DIRECTIONS FOR THIS TASK -
Where a line of the records contains the word "with", show that line.

** RECORDS FOR PROCESSING follows **

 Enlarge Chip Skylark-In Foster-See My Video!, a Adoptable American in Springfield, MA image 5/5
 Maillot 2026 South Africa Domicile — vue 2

** End of RECORDS FOR PROCESSING **
** RECORDS FOR PROCESSING follows **

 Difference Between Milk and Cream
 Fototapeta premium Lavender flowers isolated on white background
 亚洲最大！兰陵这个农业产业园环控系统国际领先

** End of RECORDS FOR PROCESSING **
** RECORDS FOR PROCESSING follows **

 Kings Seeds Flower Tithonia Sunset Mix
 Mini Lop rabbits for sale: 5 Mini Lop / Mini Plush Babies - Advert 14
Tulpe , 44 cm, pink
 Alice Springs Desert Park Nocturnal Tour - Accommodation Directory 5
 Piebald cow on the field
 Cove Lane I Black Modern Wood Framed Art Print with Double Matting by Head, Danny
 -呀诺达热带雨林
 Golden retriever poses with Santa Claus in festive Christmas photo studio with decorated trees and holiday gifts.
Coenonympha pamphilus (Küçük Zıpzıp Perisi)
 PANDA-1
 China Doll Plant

** End of RECORDS FOR PROCESSING **

EXERCISE ANSWER -
 Cove Lane I Black Modern Wood Framed Art Print with Double Matting by Head, Danny
 Golden retriever poses with Santa Claus in festive Christmas photo studio with decorated trees and holiday gifts.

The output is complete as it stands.